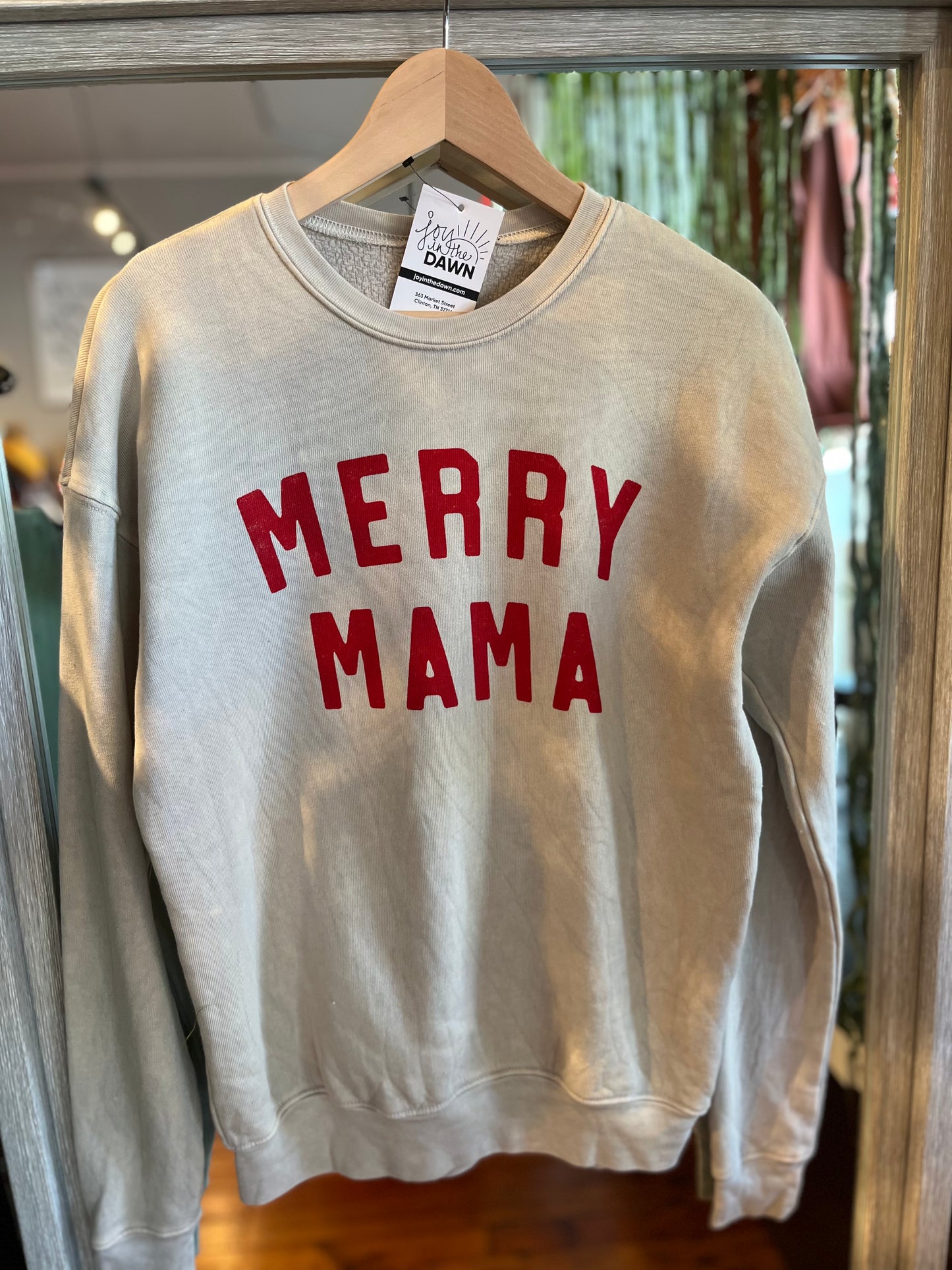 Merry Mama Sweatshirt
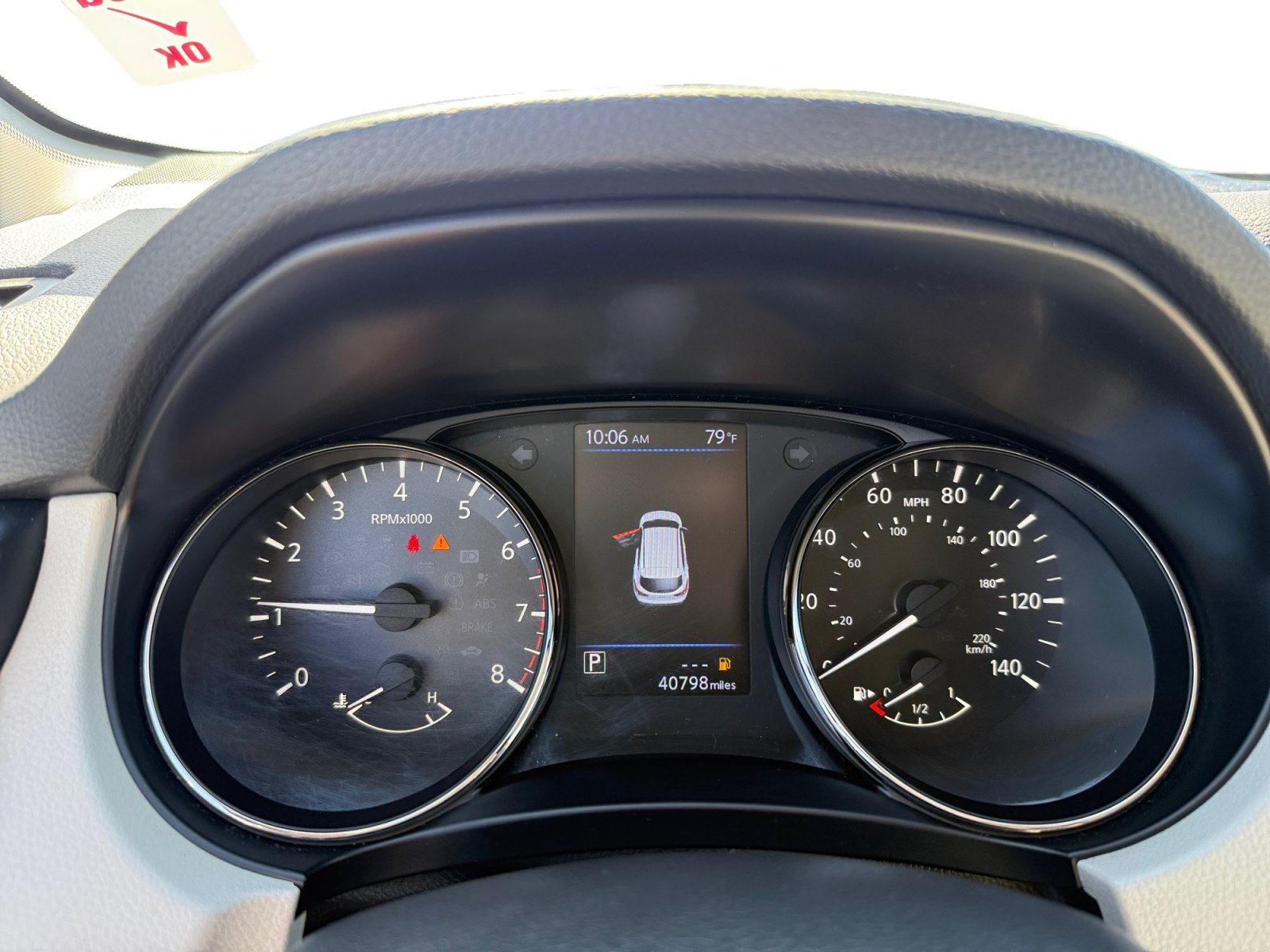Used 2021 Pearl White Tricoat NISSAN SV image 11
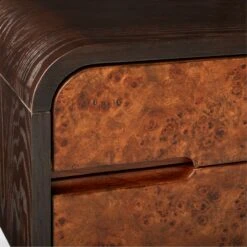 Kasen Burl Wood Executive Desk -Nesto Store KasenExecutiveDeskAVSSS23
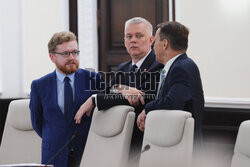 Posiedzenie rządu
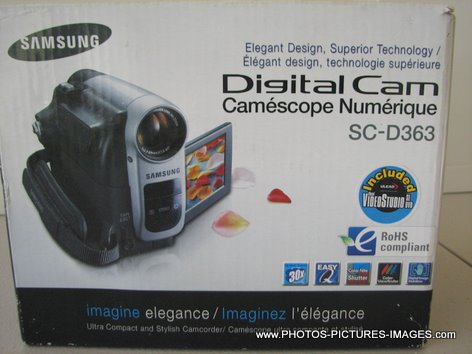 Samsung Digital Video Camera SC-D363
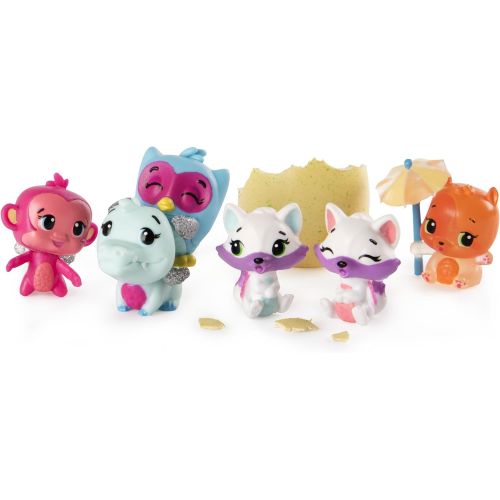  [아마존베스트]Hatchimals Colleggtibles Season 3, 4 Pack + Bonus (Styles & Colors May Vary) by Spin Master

===

WHAT TO WORK ON
Nothing but an exact transcription of the material, without pictures, should be returned.

RESULT OF THE TASK
 Merry Mama Sweatshirt
Used 2021 Pearl White Tricoat NISSAN SV image 11
 Kasen Burl Wood Executive Desk -Nesto Store KasenExecutiveDeskAVSSS23
 Posiedzenie rządu
 Samsung Digital Video Camera SC-D363
  [아마존베스트]Hatchimals Colleggtibles Season 3, 4 Pack + Bonus (Styles & Colors May Vary) by Spin Master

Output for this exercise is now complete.